• Dataset records:
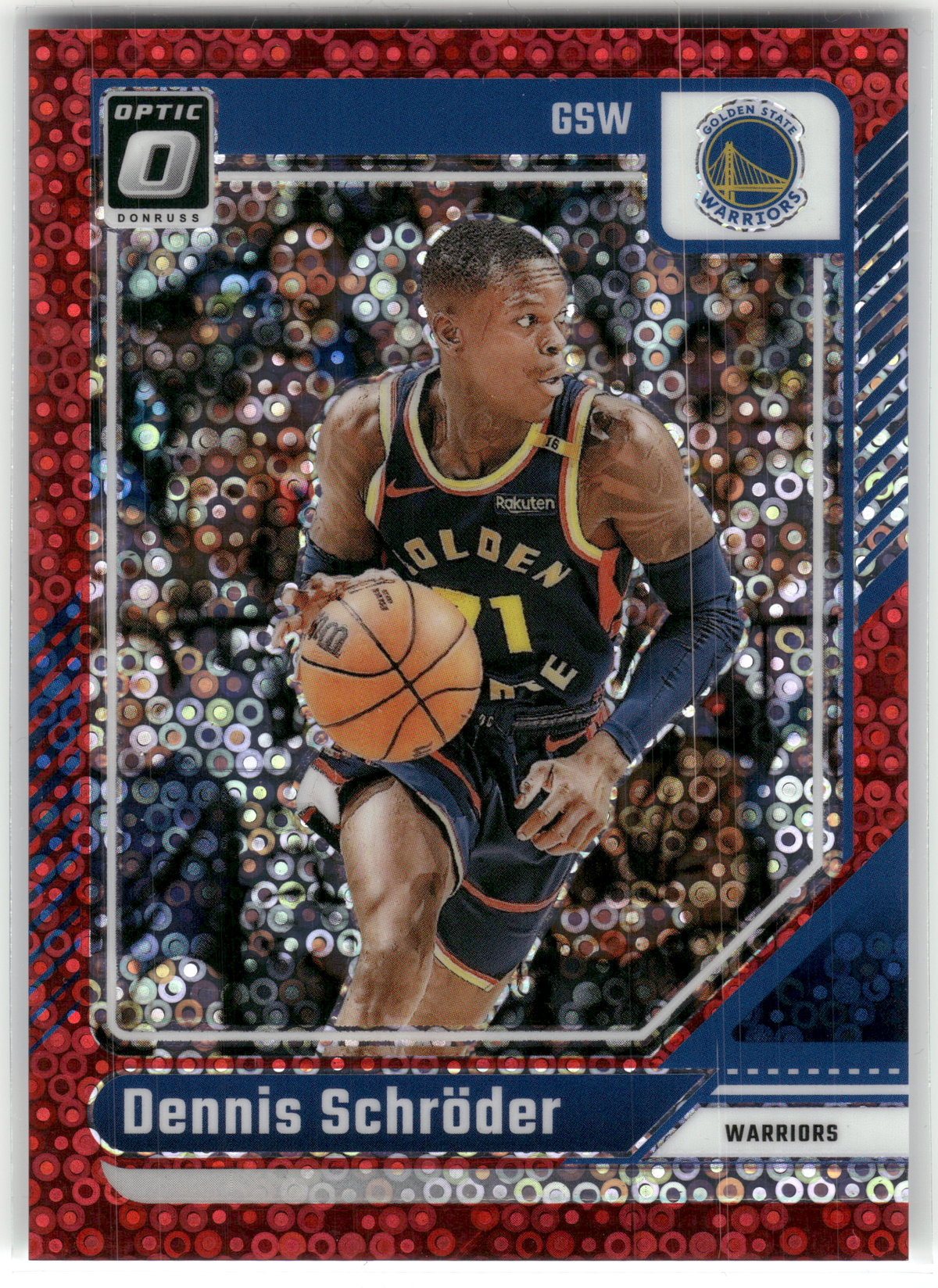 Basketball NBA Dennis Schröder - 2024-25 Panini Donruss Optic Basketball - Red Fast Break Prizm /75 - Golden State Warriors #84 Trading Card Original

---

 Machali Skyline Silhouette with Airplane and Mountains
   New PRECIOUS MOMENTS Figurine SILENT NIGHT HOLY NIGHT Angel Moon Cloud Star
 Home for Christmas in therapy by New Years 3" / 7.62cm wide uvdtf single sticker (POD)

• Problem details:
From the data above, return every line from the line that has "Machali Skyline Silhouette" up to and including the line that has "Home for Christmas", exactly.

• Response box:
 Machali Skyline Silhouette with Airplane and Mountains
   New PRECIOUS MOMENTS Figurine SILENT NIGHT HOLY NIGHT Angel Moon Cloud Star
 Home for Christmas in therapy by New Years 3" / 7.62cm wide uvdtf single sticker (POD)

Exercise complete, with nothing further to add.